Citation:
A. Zilstra and Johnson, D. A. , “
Wind turbine aeroacoustic noise prediction using computational models and comparison to experimental measurements
”, Canadian Acoustics - Acoustique Canadienne, vol. 45, no. 3, pp. 198-199, 2017.
Abstract:
Energy from wind turbines has enjoyed a remarkable growth worldwide in the past decades. In Canada, generation capacity has increased dramatically. The issue of noise and wind turbines has become an issue of interest for researchers and acoustics practitioners. For utility scale wind turbines, broadband noise emanating from the trailing edge of the wind turbine blade is a large contributor to the overall noise emission.

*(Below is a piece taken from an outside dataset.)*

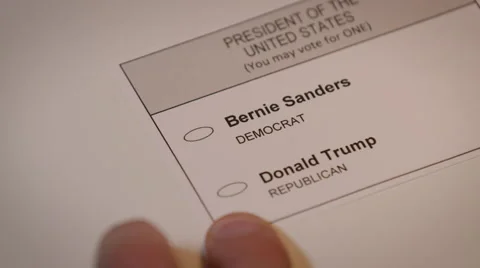 Hand casting a ballot paper to Bernie Sanders Stock Footage 64452823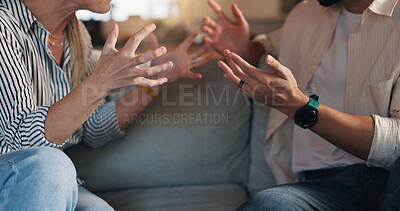 Buy stock photo Home, hands and couple with conflict in marriage, toxic relationship and disagreement for divorce. Frustrated, man and woman with fighting for separation, breakup and communication problem in lounge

In order to minimize the noise impact, regulatory bodies often set limits to the noise level observed nearby. Good noise predictive tools are necessary to estimate noise emissions before a wind farm development. These tools are developed in this study from computational fluid dynamics studies such as Large Eddy Simulation (LES) in conjunction with the Ffowcs-Williams and Hawkings (FW–H) acoustic analogy to predict the far field sound. These results are compared to those obtained through the use of semi-empirical prediction models. Validation of these predictive tools are compared with experimental measurements of 2D airfoil self noise and with field measurements obtained at the University of Waterloo Wind Energy Research wind turbine field site. The developed predictive tools show good agreement with the measured experimental data leading to further development of the predictive tools.